Just yesterday I wrote about how the PLCB finally managed to get down to one minor inventory mistake on their listings for Jack Daniel's. That was based on checking their "database" the week before. But I spoke too soon. Never ones to rest on their laurels or maintain high standards, the registraters and data enterers have corrected their excellence. This week's database iteration shows a 200% increase in bad JD data. Back to "PLCB normal."

We have been telling the PLCB — and showing them! — EXACTLY what some of the mistakes were for five years. We aren't trained specialists like they have at the PLCB, but we do know a thing or two about whiskey. Apparently we know about twice as much as the 40 year vet of the PLCB's Chief Executive Of Doing Things Wrong, Charlie Mooney. The buck doesn't stop with with Chuck so much as it kind of blows onto the floor and slips under a desk where you can't see it...problem solved!

But we did learn something from inside the Forbidden City at 910 Capital Street. Remember that 1792 Full Proof bourbon I wrote about yesterday? The one that both the online Product catalog and the "Fine Wine and Good Spirits" (the money they paid for that name, we should use the whole thing!) website didn't show?
It isn't missing because the PLCB doesn't have it in stock, OR that they don't have the information entered yet. One of our secret army of disgruntled and fed up clerks sent us a screenshot of the secret employee version of that same page. Check this out:
Well whaddya know, there is 1792 Full Proof, just like it used to be listed on the consumer site! You know, the one ordinary citizens have to use. I know the PLCB has products in inventory that are licensee only, things that they not only don't want you to buy, but make sure you aren't allowed to buy, because they know better about what you the consumer wants than you do. A lot of that stuff isn't available for general purchase mainly because if it were someone up in Potter County might actually want to "Special Liquor Order" it — you know, like the PLCB's supporters always say is so important, the right to access to special booze in Coudersport! — and they'd lose money on the deal. Of course they would, that's what they do.

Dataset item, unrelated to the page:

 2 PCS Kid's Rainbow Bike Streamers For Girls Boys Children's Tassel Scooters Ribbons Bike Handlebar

Our source didn't know why we couldn't see these "regular" and "luxury" items that are available for sale to the consumer, but he thought it was because the system was "broken,"  his word, not ours.

But we agree wholeheartedly. The system is broken, and not just the website: it's the entire agency and its reason for existence. From the preamble of The Almighty Liquor Code: "for the protection of the public welfare, health, peace and morals of the people of the Commonwealth and to prohibit forever the open saloon," or as Governor Pinchot put it, to "discourage the purchase of alcoholic beverages by making it as inconvenient and expensive as possible."

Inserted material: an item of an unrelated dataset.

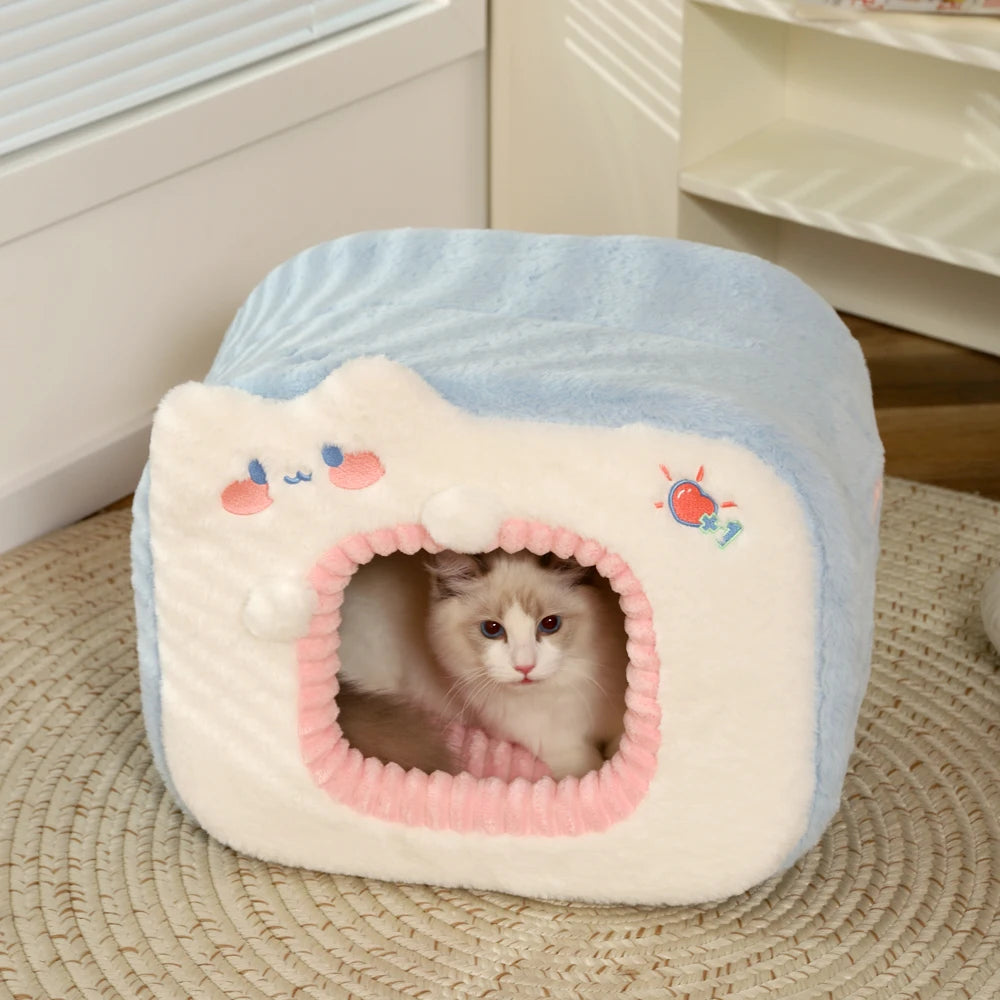 HOOPET Cute Cat Bed Warm Pet House Kitten Cave Cushion Comfort Cat House Tent Puppy Nest Small Dog Mat Supplies Bed for Cats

It is broken, it always has been broken, and always will be broken so long as there is a monolithic, monopolistic, and inevitably incompetent bureaucracy, run by people with no real industry experience, little to no oversight, doing any harebrained things that their crazed bosses come up with (wine kiosk, anyone?). This agency has no vision, no insight, no real knowledge of what consumers want, and does not want to hear anything about that from any well-meaning and industrious folks out in the individual stores. They only follow, like sheep, as real leaders in the booze business move forward with new ideas. How good can any police-enforced monopoly be, especially when they not only don't want entrepreneurial thinking, but have laws in place to prevent it!

When everything is broken, you can't fix it. You start over...and in Pennsylvania's case, you start over where you should have started in the first place: Privatize. No matter what the PLCBniks say about "well, if we were starting back in 1934, sure, this system isn't what we'd want, but now that we have it —"

Hey. Stop right there. This system isn't what we want. Let's go with that icy chunk of truth. Privatize now. Fix what's broken: everything.